--- Dataset excerpt ---

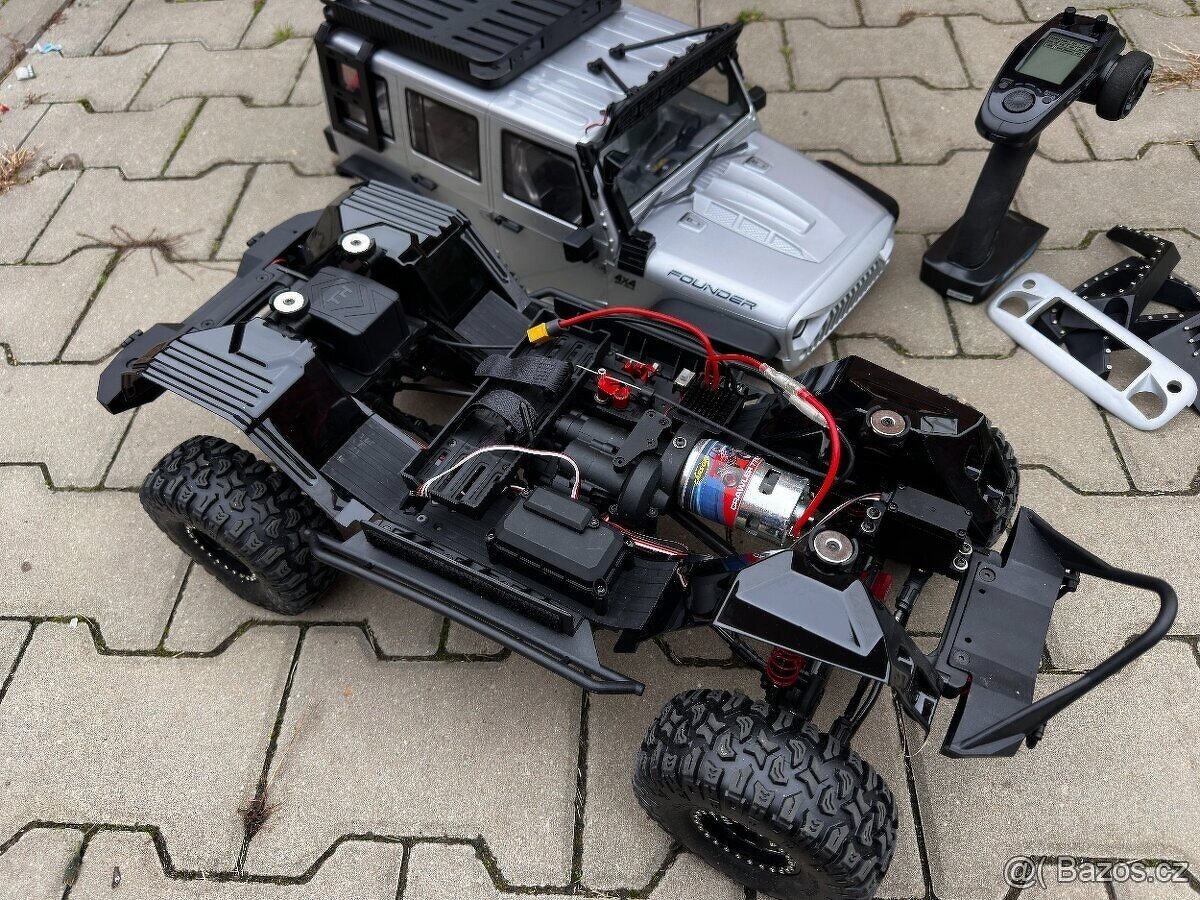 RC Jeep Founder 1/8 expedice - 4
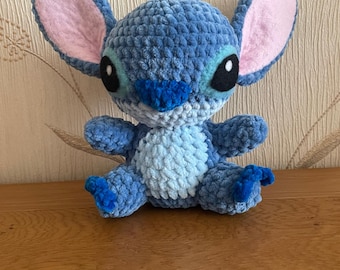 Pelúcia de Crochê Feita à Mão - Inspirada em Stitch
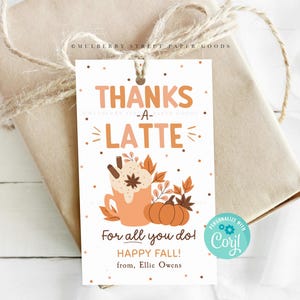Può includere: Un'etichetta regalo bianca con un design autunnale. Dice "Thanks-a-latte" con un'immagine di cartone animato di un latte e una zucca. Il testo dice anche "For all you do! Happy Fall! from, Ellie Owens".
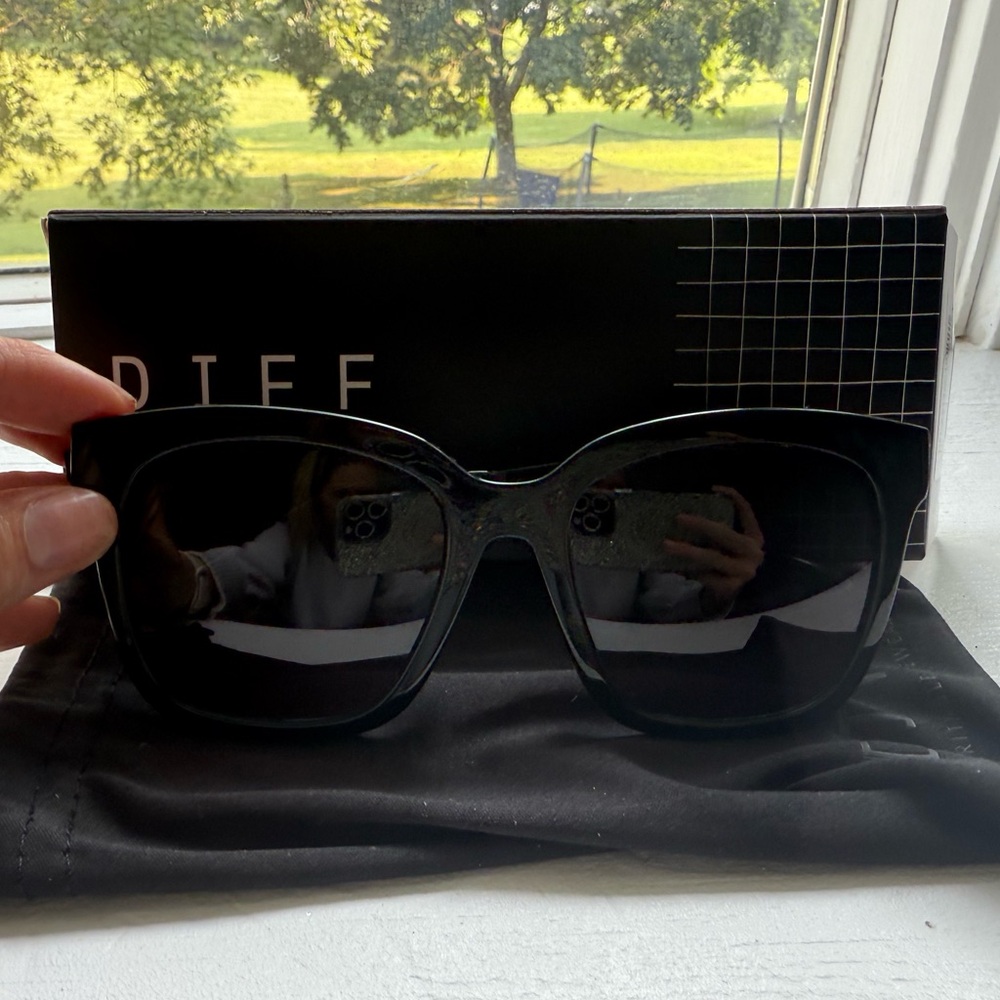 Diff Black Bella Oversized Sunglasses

---

= Prompt =
Reproduce the final stretch of lines exactly: the line containing "Pelúcia de Crochê" through the last line of the data, both included. Pictures do not belong in the copy.

= Solution to the problem =
 Pelúcia de Crochê Feita à Mão - Inspirada em Stitch
Può includere: Un'etichetta regalo bianca con un design autunnale. Dice "Thanks-a-latte" con un'immagine di cartone animato di un latte e una zucca. Il testo dice anche "For all you do! Happy Fall! from, Ellie Owens".
 Diff Black Bella Oversized Sunglasses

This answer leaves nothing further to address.